Now, I sit here on the bench as a coach, reminiscing and laughing with you as I pick up more experience from the sideline. Was it always so frustrating to try to teach us players something you knew would work, but we didn’t believe? Did you see yourself in us, working to achieve our best, even when we didn’t know what our best was? When you got home at night, did you wonder about how you interacted with players off the court as much as on the court?

There’s an element in all this that astounds me: you insisted that we could be women. In spite of all the pressure and off-handed comments we heard about our sport not being like the men’s sport of the same name, you refused to believe we had to be like men to play well. Sure, we participated in lifting programs and we ate more than our female peers and we wore sweat more often than makeup. We could participate in the habits and practices male athletes do, but in our own way. Time after time, you reminded us that our game was just that: ours, and it didn’t need to look like or be a man’s game if we were the ones who played it. You allowed us to be ourselves, our best selves, and that meant pushing us to places higher and different than we might’ve settled otherwise. What is more, you did this in a way that built us up and built us together.

I think that piece is the one I remember most: you valued relationships. You let us come early and stay late, whether to train or talk about feelings that, historically, sport told us to shut down. You reminded us players that we were whole people, needing the “team” aspect as much as the “sport” aspect of team sports. You faced us toward each other to handle conflict instead of speaking for us or fixing everything. You reminded me that my mind needed as much conditioning and rest as my body did, confirming that my state of mind required protection as much as the home court or field did. We could do a lot more than we thought, you reminded, but we wouldn’t get far if we didn’t take care of ourselves, inside and out. You nurtured us, helping us practice wholeness with grit, no matter what we encountered.
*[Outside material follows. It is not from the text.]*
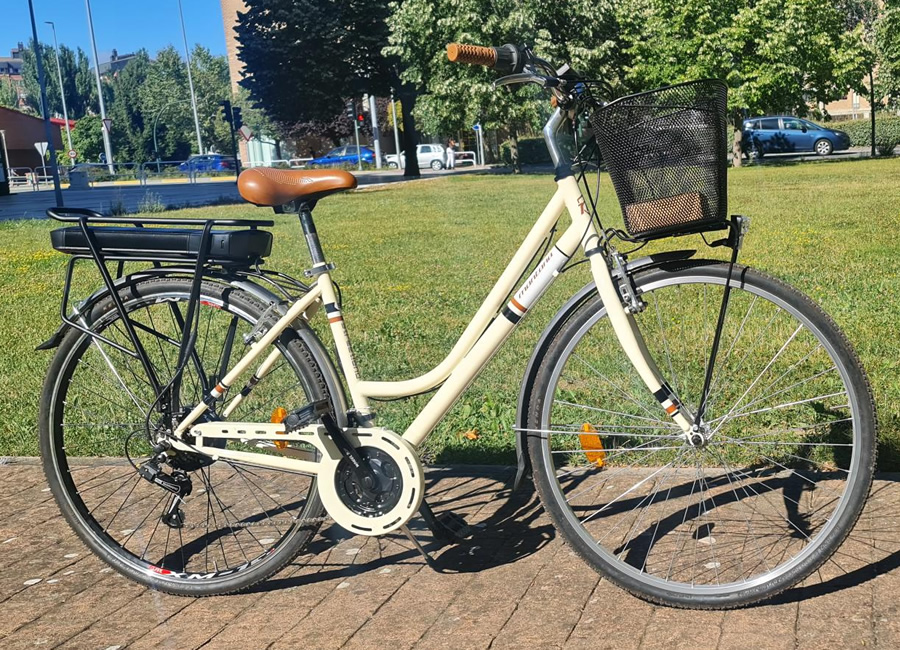 Conversión eléctrica real en bicicleta urbana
So, thank you. Thank you for showing us athletes that we can be women who rock gym shoes as well as heels, personal bests as well as solid grades. Thank you for reminding us that the people – the relationships, how we interact with our team or our opponent, and what we are willing to do for others – are more important than the wins and losses. You believed we could fight to win, and you led us well in that. When the losses came, you treated us with no less respect than if we had won, even if you also gave a kick in the pants!

Thank you for doing these things with humility, which makes it easier for us players to understand that it isn’t all about us when it’s our turn to give back. I admire you immensely, and I hope to have a positive impact on the young women I coach, the way you did on me and my teammates.

Truly, I want to be like you when I grow up.

Thank you, Coach. May God bless you as you’ve blessed me.